Tinha todos os sinais óbvios de gastronomia: guias de vinhos para compradores entusiasmados, guias de restaurantes para turistas culinários, e um encontro de degustação de vinhos, o Salone del Gusto onde gourmets e futuros gourmets podiam experimentar vinho, queijo, produtos de porco e outras especialidades.

Era de se esperar que fosse saudado com alegria por muitos de nós que adoram
pensar sobre o assunto e adoram mais ainda comer a comida boa. Mas, o Slow Food,
dizem seus defensores, leva a gastronomia a um nível mais elevado. Algo como uma religião dos últimos dias e um programa político, afirmando que essa versão da gastronomia nos salvará dos problemas já conhecidos associados à modernidade.

O Slow Food se apoia sobre a revelação de que a procura do prazer protege
o entorno, cria uma agricultura sustentável, preserva patrimônios históricos,
e aumenta o bom, o verdadeiro e o belo, além de ter o potencial de nos salvar
de nós mesmos. Corby Kummer, um dos mais importantes cronistas de
comida americano nos diz que tornar-se membro do Slow Food é tomar
o caminho certo ; comendo bem estamos fazendo o bem.

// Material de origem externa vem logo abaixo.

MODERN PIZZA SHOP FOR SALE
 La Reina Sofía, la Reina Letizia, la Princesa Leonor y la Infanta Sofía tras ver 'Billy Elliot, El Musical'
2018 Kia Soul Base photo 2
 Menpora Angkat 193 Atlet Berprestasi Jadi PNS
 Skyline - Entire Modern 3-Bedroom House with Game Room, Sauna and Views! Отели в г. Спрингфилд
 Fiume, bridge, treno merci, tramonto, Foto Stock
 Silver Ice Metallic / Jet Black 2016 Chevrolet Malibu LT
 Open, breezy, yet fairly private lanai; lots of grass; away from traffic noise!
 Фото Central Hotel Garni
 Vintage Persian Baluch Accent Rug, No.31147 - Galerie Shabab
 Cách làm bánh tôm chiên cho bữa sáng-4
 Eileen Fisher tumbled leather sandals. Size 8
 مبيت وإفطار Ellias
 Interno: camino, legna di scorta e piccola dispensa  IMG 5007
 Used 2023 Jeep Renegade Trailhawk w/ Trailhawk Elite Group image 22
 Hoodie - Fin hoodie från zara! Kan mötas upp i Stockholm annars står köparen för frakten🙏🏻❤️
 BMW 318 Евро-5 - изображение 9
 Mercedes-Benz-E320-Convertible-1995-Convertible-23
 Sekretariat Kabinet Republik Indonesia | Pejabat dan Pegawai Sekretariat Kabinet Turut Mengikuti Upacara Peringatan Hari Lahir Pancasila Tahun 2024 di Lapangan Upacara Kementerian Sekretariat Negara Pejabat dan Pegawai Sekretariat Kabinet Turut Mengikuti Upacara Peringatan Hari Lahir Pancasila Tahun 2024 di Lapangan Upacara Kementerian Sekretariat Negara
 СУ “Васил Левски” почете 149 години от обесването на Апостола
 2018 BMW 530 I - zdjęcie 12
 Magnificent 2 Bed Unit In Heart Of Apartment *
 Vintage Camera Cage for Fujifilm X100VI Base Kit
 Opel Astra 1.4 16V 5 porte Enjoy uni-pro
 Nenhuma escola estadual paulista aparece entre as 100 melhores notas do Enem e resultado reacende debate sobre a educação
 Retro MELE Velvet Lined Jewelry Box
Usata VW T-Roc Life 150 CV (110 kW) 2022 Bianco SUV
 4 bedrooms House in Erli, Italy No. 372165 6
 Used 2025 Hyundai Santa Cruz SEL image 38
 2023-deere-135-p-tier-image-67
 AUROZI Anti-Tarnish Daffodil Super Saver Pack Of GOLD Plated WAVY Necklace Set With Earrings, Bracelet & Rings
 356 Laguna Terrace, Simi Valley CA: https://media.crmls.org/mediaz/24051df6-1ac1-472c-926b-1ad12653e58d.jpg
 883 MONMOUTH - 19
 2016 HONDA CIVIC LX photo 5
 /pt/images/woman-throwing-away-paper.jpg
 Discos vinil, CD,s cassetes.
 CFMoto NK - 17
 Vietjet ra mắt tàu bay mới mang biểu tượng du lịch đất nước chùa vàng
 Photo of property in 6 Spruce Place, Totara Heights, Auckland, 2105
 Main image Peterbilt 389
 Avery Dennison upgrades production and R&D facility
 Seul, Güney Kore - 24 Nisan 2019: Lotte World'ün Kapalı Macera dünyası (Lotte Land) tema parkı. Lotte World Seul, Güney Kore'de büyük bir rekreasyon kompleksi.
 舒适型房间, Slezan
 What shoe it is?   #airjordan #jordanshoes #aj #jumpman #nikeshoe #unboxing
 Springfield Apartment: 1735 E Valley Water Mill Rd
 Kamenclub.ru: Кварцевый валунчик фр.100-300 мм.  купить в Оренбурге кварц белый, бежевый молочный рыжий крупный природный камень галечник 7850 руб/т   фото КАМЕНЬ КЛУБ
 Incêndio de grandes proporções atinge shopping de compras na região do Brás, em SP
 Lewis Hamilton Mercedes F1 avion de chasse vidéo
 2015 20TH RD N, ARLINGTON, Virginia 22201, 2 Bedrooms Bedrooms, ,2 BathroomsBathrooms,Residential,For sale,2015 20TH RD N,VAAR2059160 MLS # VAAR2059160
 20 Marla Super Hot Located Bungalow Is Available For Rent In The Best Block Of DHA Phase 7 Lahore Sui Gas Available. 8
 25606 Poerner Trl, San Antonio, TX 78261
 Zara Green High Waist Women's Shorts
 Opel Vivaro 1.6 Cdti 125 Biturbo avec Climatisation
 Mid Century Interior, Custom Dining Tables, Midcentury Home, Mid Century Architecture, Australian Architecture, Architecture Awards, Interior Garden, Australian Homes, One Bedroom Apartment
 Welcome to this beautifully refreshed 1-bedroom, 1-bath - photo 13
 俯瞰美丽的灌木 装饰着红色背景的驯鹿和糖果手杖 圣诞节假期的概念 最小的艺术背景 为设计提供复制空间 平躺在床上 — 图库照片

Albert Sonnenfeld, professor de francês na Universidade de Colúmbia, e editor de uma série de livros importantes sobre a história da Alimentação explica que a mesa é um altar que oferece ao devoto a a preservação dos direitos humanos e do ambiente.”

A reverenciada fundadora do restaurante Chez Panisse, afirma que o Slow Food
nos ensina “compaixão, beleza, comunidade e sensualidade.” Mario Batali, do famoso restaurante Babbo em Nova Iorque faz um elogio mais espirutual, religioso, quase
(mais religioso, até do que qualquer outra religião) ou seita que eu já tenho sido
convidada a entrar. E Carlo Petrini, o empresário que fundou o Slow Food e cujo livro estou revisando nessa página, conta a história e a agenda da organização e comanda o coro – “face a face com os excessos da modernização, não estamos tentando mais
mudar o mundo, e sim, somente salvá-lo.” Salvar o mundo dos excessos da modernidade simplesmente por nos tornarmos gourmets parece bem tentador. Nenhuma dor, só ganhos.

Mas será muito bom para ser verdade? A modernidade terá feito seu serviço?
É a hora de voltar à tradição e herança como uma resposta “avant garde” ao campo minado da modernidade? Era isso que eu esperava encontrar no livro de Petrini.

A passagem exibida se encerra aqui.